A few years back, I worked as sales representative. While the job was very demanding, it was also very rewarding. Closing a big account or having a good month as a team didn’t happen by accident. Due to a clear sales plan, succeeding wasn’t an aberration or an accident. In many ways, training to run a race is the same way. You’re probably not going to PR in a race without a proper plan – or good training schedule to follow.

“Hope Is Not a Strategy”

Rick Page’s sales book, which is a sales bible for many, was almost a mantra to our sales manager. We we weren’t allowed to simply hope a sale would come through. Before each sales call, we were expected to have a  clear plan in place where we knew the prospect inside and out and determine their hot button selling points. Most importantly, we had to give ourselves the best chance to succeed by removing all known barriers to a sale before the meeting ever took place. While our planning and strategy sessions were a culmination of personal experiences and other sales books, it was Page’s book that our sales manager would constantly point to.  If you’re in sales and are interested in developing your own sales strategies, I’d highly recommend picking up a copy – if you haven’t already.
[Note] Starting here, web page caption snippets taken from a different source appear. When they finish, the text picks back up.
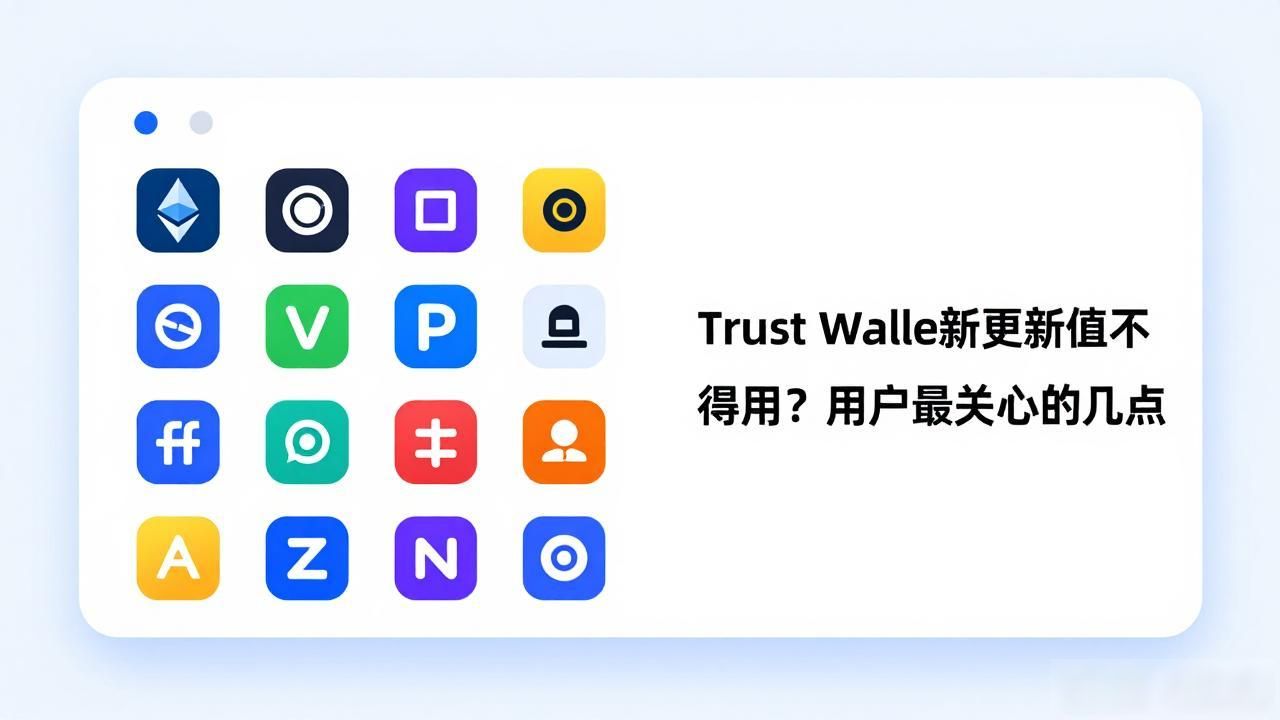 Trust Wallet新更新值不值得用？用户最关心的几点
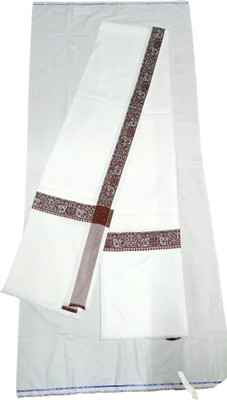 Kashmiri Cashmere, Wool Striped, Solid, Woven Men, Women Shawl(White)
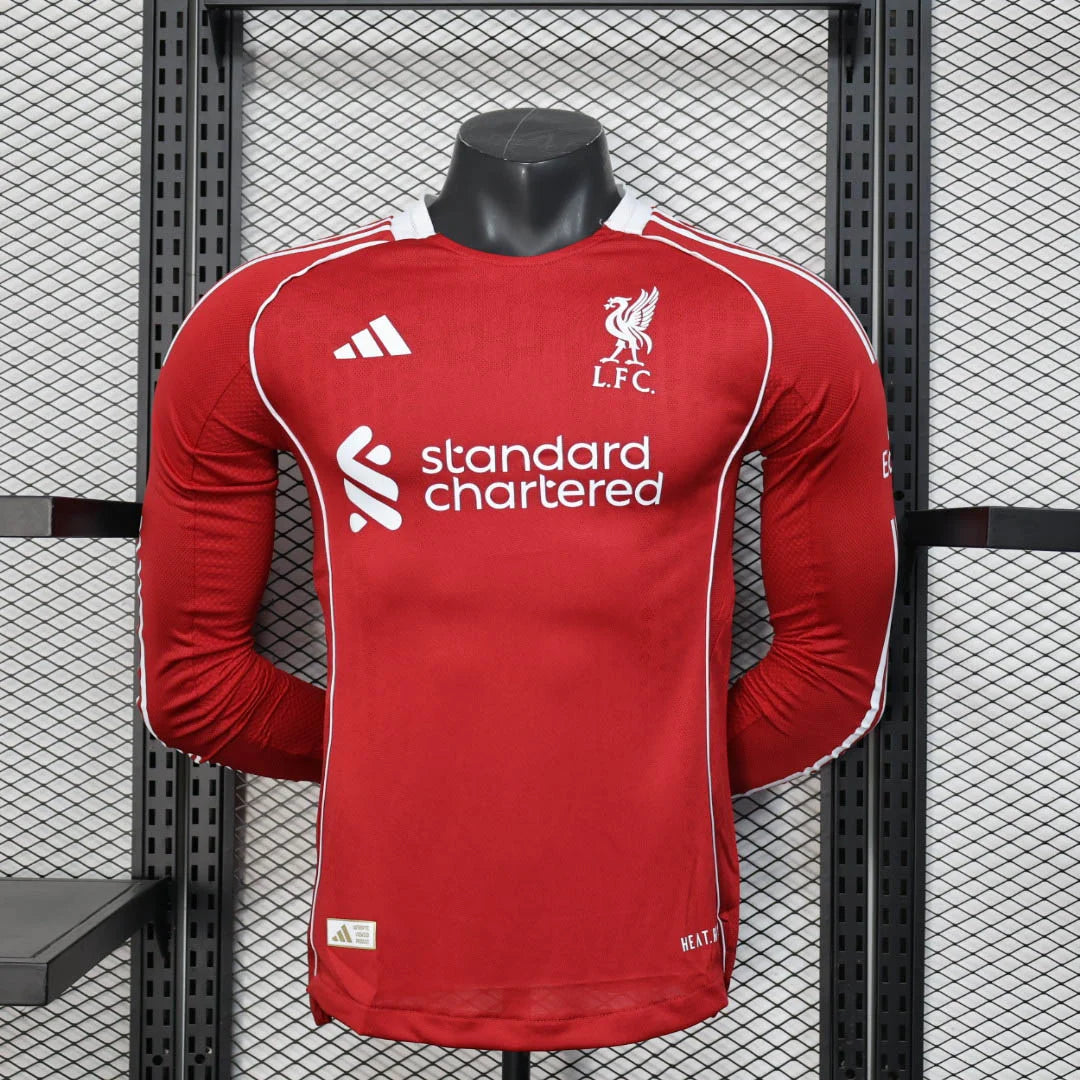 2025/2026 Liverpool Long Sleeve Home Football Shirt - Player Version image 1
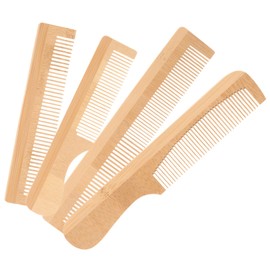 minkissy Pcs Wooden Hair Combs for Women Travel Comb Portable Bamboo Tooth for Curly Hair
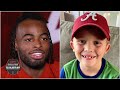 How an 8-year-old Alabama fan inspired RB Najee Harris' 5 TD game vs. Ole Miss | College GameDay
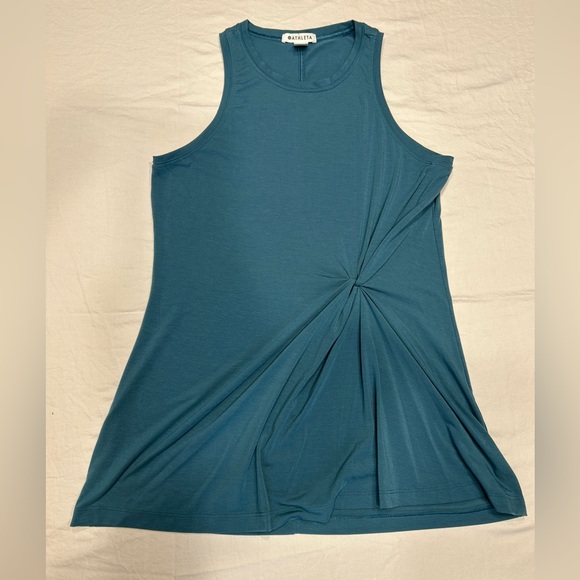 Athleta Tops - Athleta Teal Twist Tank Top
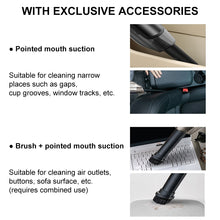 Load image into Gallery viewer, Handheld Wireless Vacuum Cleaner Rechargeable Cyclone Suction Car Vacuum Cleaner Cordless Wet/Dry Auto Portable for Car Home - MiniDM Store
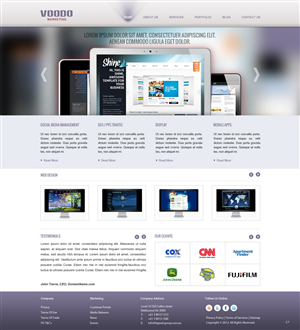 Web Design by pb for Voodo Marketing | Design: #1383314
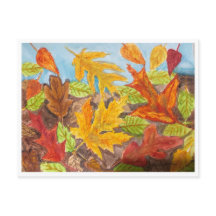 Feuilles d'automne colorées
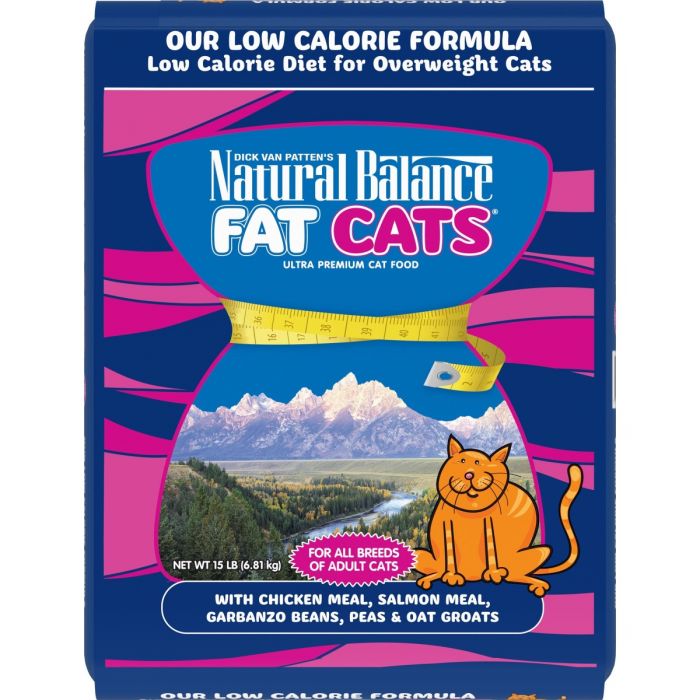 Natural Balance Fat Cats Chicken Salmon Low Cal 7Kg/15Lb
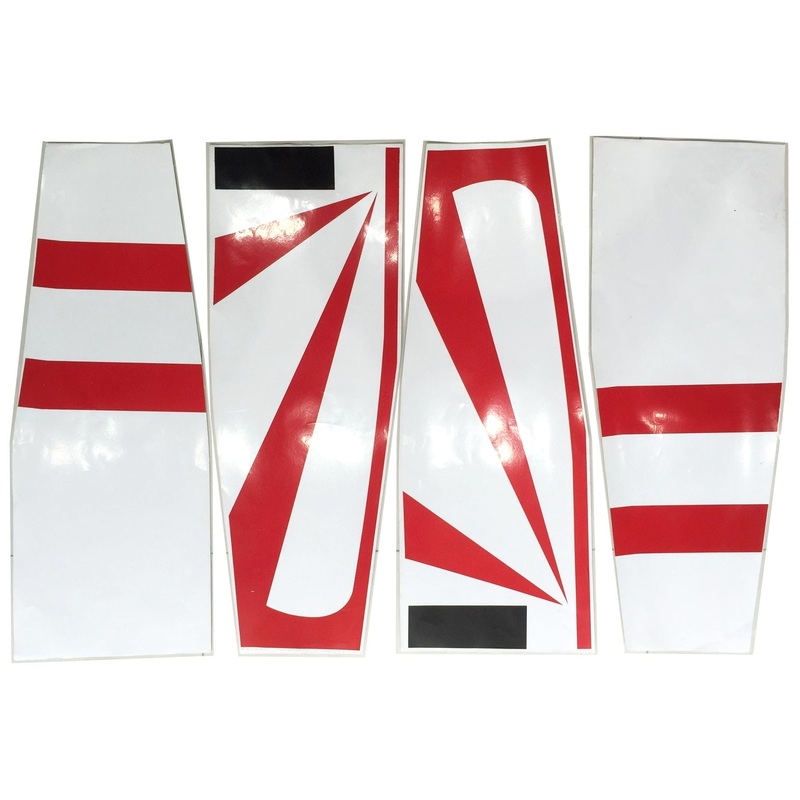 Nexa 1500mm CAP 10 Red/White Covering Set (Wing)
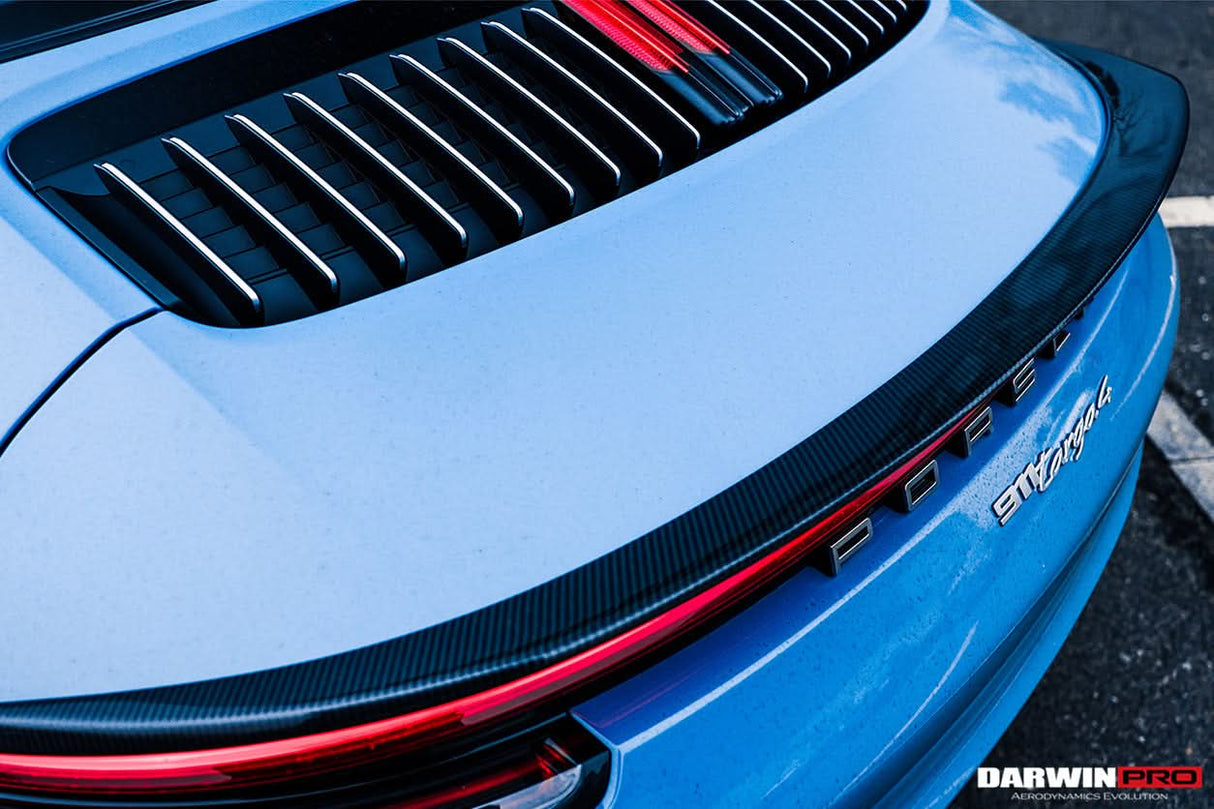DarwinPRO 2019-UP Porsche 911 992 Carrera S 4 4S Targa Cabriolet BKSS Style Trunk Wing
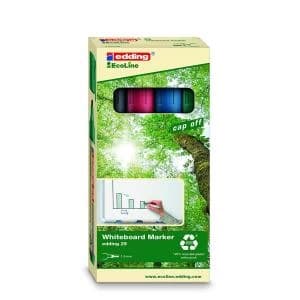 Edding e-28 EcoLine Whiteboard Marker Bullet Tip Assorted Ref 4-28-4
What does this all have to do with fitting in runs? A lot, as I found out. When I started running, I didn’t really have a plan. While just stepping out the door to run can be fun, if your goal is to run any long distance races you’ll need to have a plan. Without a plan, you’re not going to accomplish your goals anymore than a salesperson will close a sale by simply showing up. You had to do your homework in sales and you have to do your homework with running.